[Problem details]
The line containing "Туры в отель Urba Hotel Туры" marks the end: restate word for word every line from the first line of the entries below through that one.

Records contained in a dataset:
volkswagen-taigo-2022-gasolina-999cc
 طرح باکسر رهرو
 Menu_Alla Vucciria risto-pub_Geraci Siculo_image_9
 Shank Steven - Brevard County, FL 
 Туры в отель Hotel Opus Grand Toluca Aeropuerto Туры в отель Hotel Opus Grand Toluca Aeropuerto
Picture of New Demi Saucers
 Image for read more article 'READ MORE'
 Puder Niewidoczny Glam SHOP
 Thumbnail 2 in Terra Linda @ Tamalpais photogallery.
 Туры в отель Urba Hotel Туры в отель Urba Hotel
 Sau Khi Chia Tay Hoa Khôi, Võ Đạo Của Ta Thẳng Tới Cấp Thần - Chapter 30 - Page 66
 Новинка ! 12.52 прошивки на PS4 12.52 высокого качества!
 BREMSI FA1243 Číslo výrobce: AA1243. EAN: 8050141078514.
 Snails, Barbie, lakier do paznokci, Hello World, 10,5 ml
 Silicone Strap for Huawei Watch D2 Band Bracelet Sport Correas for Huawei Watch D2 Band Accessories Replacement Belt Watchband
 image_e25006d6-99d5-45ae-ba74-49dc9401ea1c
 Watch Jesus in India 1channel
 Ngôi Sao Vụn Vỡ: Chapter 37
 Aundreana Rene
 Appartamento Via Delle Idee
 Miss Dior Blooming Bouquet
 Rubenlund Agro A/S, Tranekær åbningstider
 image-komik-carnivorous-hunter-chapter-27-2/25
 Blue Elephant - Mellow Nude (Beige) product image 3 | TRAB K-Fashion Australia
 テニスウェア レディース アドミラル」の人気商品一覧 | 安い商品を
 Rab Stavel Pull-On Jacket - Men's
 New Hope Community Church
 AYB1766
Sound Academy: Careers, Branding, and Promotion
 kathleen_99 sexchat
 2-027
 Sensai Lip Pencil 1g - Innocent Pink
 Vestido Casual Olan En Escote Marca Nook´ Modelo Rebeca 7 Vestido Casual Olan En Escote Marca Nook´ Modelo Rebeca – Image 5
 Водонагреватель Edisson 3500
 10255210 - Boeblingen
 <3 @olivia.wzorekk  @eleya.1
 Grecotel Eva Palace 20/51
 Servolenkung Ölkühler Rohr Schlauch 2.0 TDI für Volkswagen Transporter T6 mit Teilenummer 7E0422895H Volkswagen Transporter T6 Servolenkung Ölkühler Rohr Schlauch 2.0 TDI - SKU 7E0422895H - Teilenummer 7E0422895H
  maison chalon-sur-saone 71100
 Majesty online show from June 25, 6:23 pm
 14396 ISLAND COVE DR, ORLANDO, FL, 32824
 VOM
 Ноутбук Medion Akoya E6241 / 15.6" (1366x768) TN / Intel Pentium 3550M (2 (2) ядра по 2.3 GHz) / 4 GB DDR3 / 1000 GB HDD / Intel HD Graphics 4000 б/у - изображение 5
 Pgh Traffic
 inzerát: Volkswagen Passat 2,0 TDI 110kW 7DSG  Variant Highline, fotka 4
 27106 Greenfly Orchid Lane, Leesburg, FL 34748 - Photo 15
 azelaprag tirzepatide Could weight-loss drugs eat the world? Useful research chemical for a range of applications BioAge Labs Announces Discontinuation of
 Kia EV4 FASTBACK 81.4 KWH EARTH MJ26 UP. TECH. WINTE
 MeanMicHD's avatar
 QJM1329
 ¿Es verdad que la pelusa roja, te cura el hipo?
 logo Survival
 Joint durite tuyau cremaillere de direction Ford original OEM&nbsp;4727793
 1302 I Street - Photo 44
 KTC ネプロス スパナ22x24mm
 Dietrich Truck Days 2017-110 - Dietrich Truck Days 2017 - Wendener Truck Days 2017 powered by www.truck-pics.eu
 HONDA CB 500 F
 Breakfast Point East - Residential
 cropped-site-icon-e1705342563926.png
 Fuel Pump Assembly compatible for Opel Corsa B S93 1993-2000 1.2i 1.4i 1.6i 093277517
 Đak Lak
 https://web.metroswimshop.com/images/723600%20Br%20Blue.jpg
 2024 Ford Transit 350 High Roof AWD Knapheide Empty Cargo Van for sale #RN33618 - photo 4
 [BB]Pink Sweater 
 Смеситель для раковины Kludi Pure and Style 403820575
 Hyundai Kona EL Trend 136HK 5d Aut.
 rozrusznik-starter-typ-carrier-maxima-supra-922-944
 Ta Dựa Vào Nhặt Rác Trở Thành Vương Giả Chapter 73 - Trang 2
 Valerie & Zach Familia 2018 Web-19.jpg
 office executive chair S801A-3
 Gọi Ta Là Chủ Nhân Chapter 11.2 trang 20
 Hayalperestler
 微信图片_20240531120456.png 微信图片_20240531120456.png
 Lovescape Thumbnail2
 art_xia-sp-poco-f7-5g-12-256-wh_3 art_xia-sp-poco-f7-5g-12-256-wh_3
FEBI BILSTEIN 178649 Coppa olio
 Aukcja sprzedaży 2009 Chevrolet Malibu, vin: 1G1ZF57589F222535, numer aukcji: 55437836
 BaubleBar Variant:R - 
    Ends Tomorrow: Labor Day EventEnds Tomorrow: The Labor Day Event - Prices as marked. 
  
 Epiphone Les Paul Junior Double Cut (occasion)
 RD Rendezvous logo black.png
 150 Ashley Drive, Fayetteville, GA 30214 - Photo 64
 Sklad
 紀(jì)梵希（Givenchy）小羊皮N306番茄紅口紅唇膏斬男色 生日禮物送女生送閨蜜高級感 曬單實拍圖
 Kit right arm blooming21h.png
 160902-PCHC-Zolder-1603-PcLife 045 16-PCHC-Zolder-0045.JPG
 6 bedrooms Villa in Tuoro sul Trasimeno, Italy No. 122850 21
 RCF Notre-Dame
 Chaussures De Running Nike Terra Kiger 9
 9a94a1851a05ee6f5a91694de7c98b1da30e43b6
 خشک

[Reply to the task]
volkswagen-taigo-2022-gasolina-999cc
 طرح باکسر رهرو
 Menu_Alla Vucciria risto-pub_Geraci Siculo_image_9
 Shank Steven - Brevard County, FL 
 Туры в отель Hotel Opus Grand Toluca Aeropuerto Туры в отель Hotel Opus Grand Toluca Aeropuerto
Picture of New Demi Saucers
 Image for read more article 'READ MORE'
 Puder Niewidoczny Glam SHOP
 Thumbnail 2 in Terra Linda @ Tamalpais photogallery.
 Туры в отель Urba Hotel Туры в отель Urba Hotel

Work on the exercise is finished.